Flexible authentication with PlainText and IAM.
No Zookeeper dependency for Cruise Control.
Easily customize Prometheus targets, Cruise Control capacity settings, and other configurations by providing your own configuration files stored in an Amazon S3 bucket.
Partition rebalancing guideline
Guidelines for Kafka partition reassignment
Partition reassignment in Kafka can be resource-intensive, as it involves transferring significant data across brokers, potentially causing network congestion and affecting client operations. The following best practices help you manage partition reassignment effectively by tuning throttle rates, leveraging concurrency controls, and understanding reassignment types to minimize disruption to cluster operations.
Managing concurrency in Cruise Control
Cruise Control provides auto-adjustment parameters to control the concurrency of partition and leadership movements. The following parameters help maintain an acceptable load during reassignments:
Maximum concurrent partition movements: Define the
num.concurrent.partition.movements.per.broker
to cap concurrent inter-broker partition movements, avoiding excessive network utilization.Example
num.concurrent.partition.movements.per.broker = 5
This setting limits each broker to move no more than 10 partitions at any given time, balancing the load across brokers.

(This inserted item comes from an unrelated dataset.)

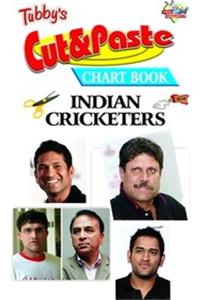 Tubbys Cut & Paste Chart Book Indian Cricketers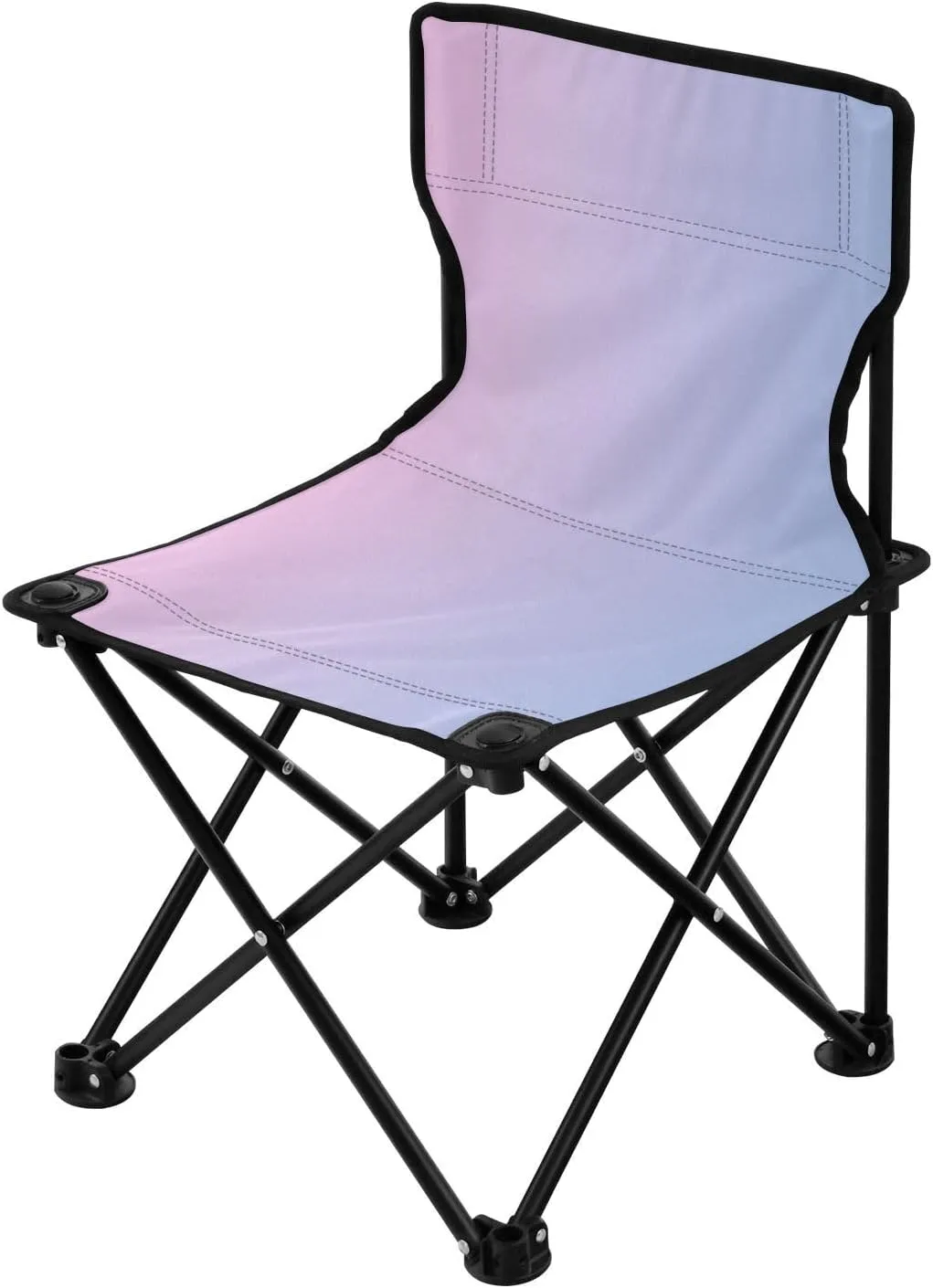 J JOYSAY Rainy Ashville Gradient Portable Camping Chair Lightweight Outdoor Folding Chair for Adults Hiking Chair for Outside Camping Travel Hiking Beach Sports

Use throttling to control bandwidth
Throttle Parameter: When performing partition reassignment with
kafka-reassign-partitions.sh
, use the--throttle parameter
to set a maximum transfer rate (in bytes per second) for data movement between brokers.Example
--throttle 5000000
This sets a maximum bandwidth of 5 MB/s.
-
Balance Throttle Settings: Choosing an appropriate throttle rate is crucial:
If set too low, the reassignment may take significantly longer.
If set too high, clients may experience latency increases.
Start with a conservative throttle rate and adjust based on cluster performance monitoring. Test your chosen throttle before applying to a production environment to find the optimal balance.
Test and validate in a staging environment
Prior to implementing reassignments in production, perform load tests in a staging environment with similar configurations. This allows you to fine-tune parameters and minimize unexpected impacts in live production.